> What the task requires:
Beneath this task are records; print exactly the stretch of them from the line with "Teal Long Sleeve" through the line with "Mixed Media Original", both ends included.

> Data listing:
* * * * * * * * *

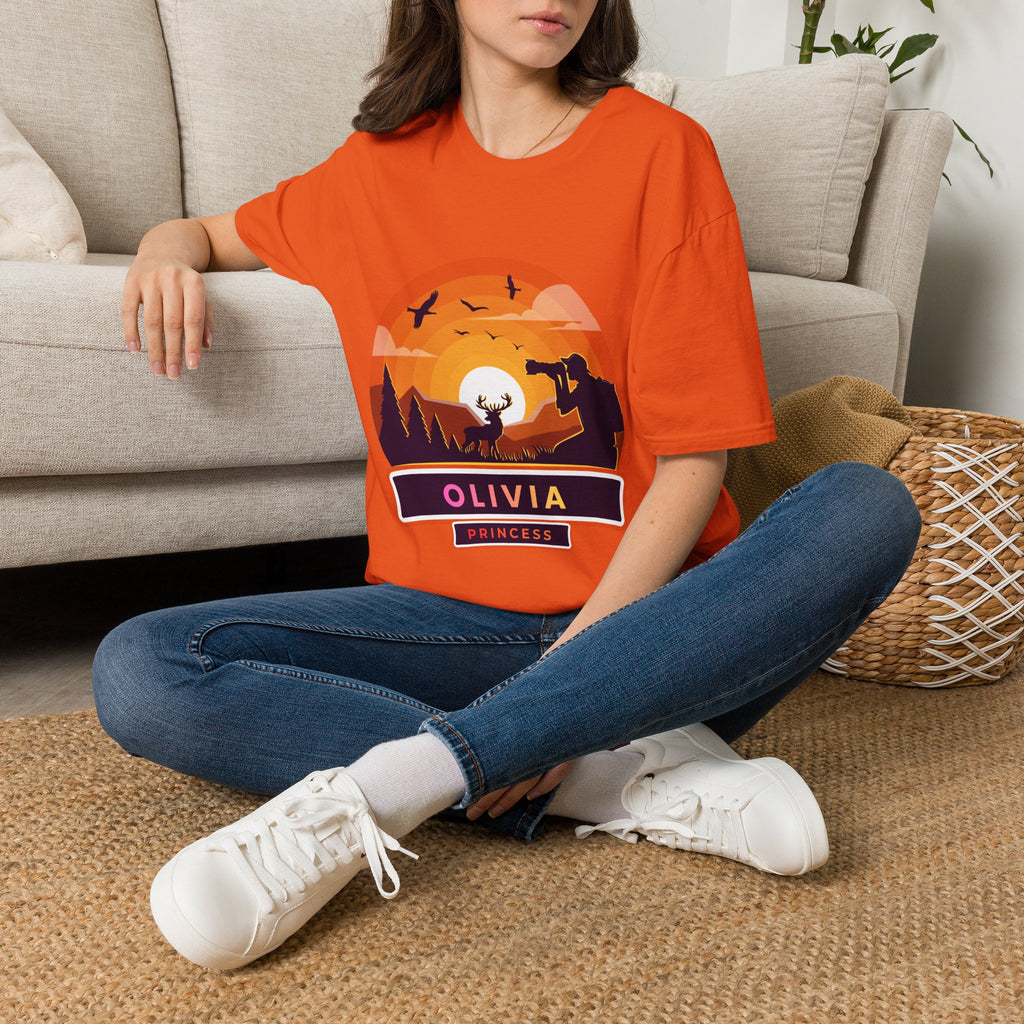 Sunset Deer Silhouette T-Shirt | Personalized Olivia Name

* * * * * * * * *

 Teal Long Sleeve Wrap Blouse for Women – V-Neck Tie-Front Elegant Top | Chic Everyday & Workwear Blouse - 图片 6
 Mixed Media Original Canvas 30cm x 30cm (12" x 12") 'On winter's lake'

* * * * * * * * *

> Exercise response:
 Teal Long Sleeve Wrap Blouse for Women – V-Neck Tie-Front Elegant Top | Chic Everyday & Workwear Blouse - 图片 6
 Mixed Media Original Canvas 30cm x 30cm (12" x 12") 'On winter's lake'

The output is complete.